Swakopmund no tiene sentido geográfico. Se asienta en el preciso punto de colisión del desierto del Namib y el Atlántico Sur — dos de los entornos más inhóspitos de la tierra — y sin embargo aquí está, ordenada y funcional, con un faro, una cervecería y una estación de tren que podría encontrarse en Baviera. La administración colonial alemana la construyó en 1892 como puerto, y la arquitectura nunca se fue aunque los colonizadores sí lo hicieran. Caminando por la calle principal, seguía esperando un menú en alemán, y seguía encontrándolo.

La luz aquí es extraña. La Corriente de Benguela arrastra agua fría desde la Antártida, que choca con el calor del desierto y produce una niebla costera que se asienta sobre el pueblo la mayoría de las mañanas hasta las diez o las once. Todo se ve gris azulado hasta que la niebla se quema, y entonces de repente los colores vuelven de golpe — las tejas de terracota, la buganvilla que trepa por los viejos edificios municipales, la arena blanca de la playa. Es un espectáculo que se repite dos veces al día y que nunca aburre.

Qué Hacer de Verdad

Swakopmund es la capital del turismo de aventura de Namibia, lo que significa que el pueblo está lleno de oficinas de tour y viajeros jóvenes comparando itinerarios de adrenalina. El sandboard sobre las dunas al este del pueblo es genuinamente divertido, aunque ligeramente absurdo — enceras una tabla y te lanzas por una pendiente de 150 metros de arena roja fina, llegando abajo con arena en cada recoveco del cuerpo. El quad es el otro pilar. Hice los dos y me sentí apropiadamente ridículo.

Lo que preferí fue el tour del Desierto Vivo al amanecer, donde un naturalista te guía por las llanuras de grava al norte del pueblo encontrando víboras de costado, arañas blancas bailarinas y escarabajos que hacen el pino para beber la humedad del aire. Es más tranquilo y más extraño y más genuinamente namibio que cualquier cosa que implique un motor de vehículo.

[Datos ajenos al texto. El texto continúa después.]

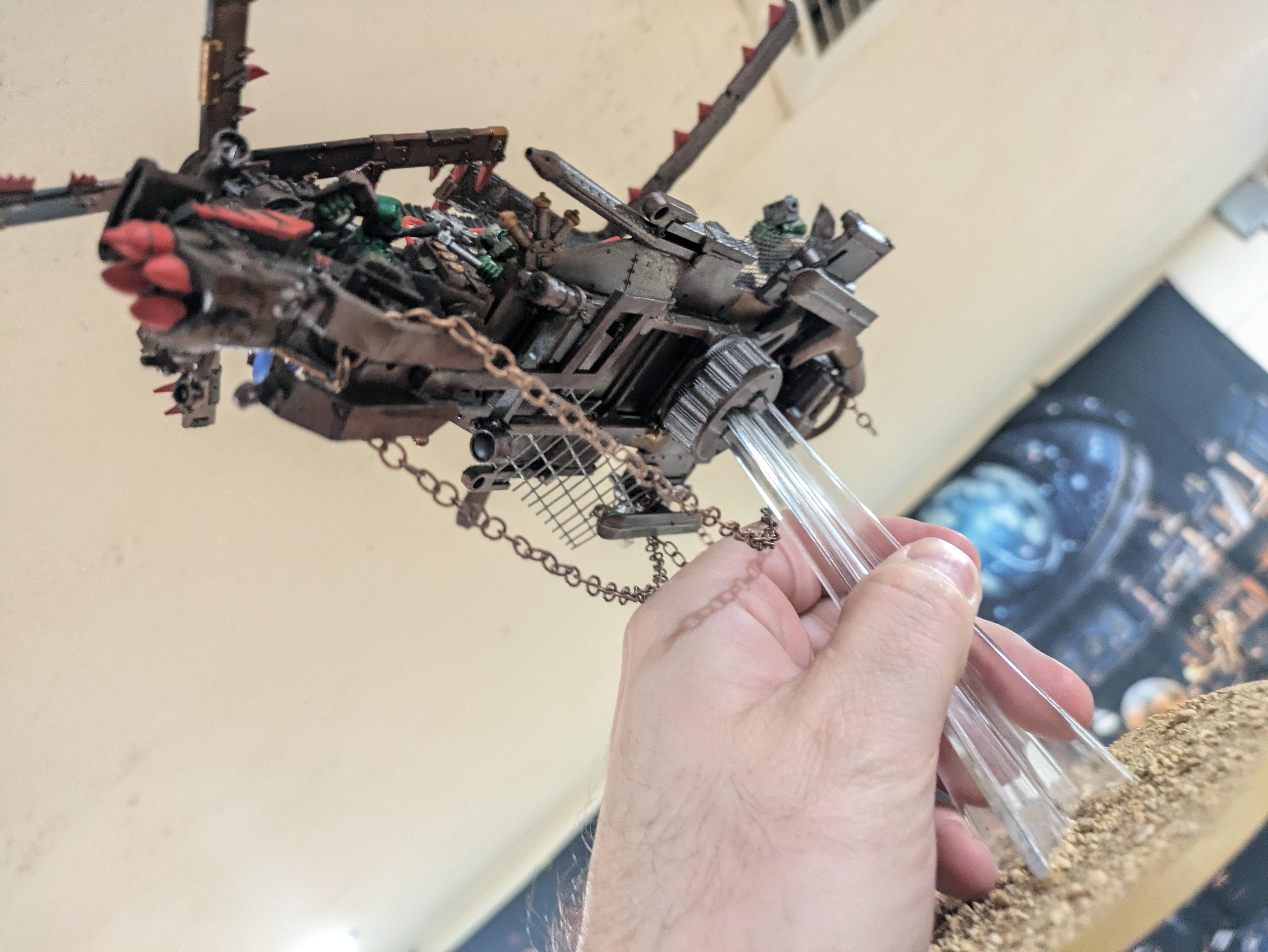 Chinork, Conversion, Converted Kopta, Helicopter, Kitbashed Warkopta, Kopta, Ork Helicopter, Ork Warkopta, War Kopta, War Kopta Conversion, Warkopta, Warkopta Conversion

El marisco es inesperadamente serio. Swakopmund se asienta sobre aguas tan frías y ricas en nutrientes que las ostras, los langostinos y el kabeljou que se pescan aquí están entre los mejores que he comido en África. El restaurante del histórico Hotel Hansa hace un buen trabajo con la captura local, aunque el lugar que encontró Lia — un sitio sin rótulo cerca del mercado — hacía una bisque de langostinos que todavía pienso en ella.

El Pueblo Después de Anochecer

Swakopmund de noche tiene la energía tranquila de un resort fuera de temporada: unos cuantos bares animados, locales jugando al billar, mochileros comparando notas sobre la ruta a Sossusvlei. El Lighthouse Pub es de fiar. La escena de cerveza artesanal ha llegado, de manera predecible, pero la lager namibia local cuesta una cuarta parte del precio y entra mejor con el aire salado.

El museo vale la pena si quieres entender el peso total de lo que la administración colonial alemana realmente hizo aquí — el genocidio de los herero y los nama recibe un tratamiento que se sintió más honesto de lo que esperaba de una institución gubernamental.

Cuándo ir: De mayo a septiembre para el tiempo más estable, con la niebla entrando dramáticamente cada mañana. Julio y agosto son temporada alta y hay mucha gente. De octubre a abril trae días más cálidos y despejados y menos turistas, pero a veces vientos atlánticos fuertes. Evita las vacaciones escolares de diciembre y enero si quieres soledad en las dunas.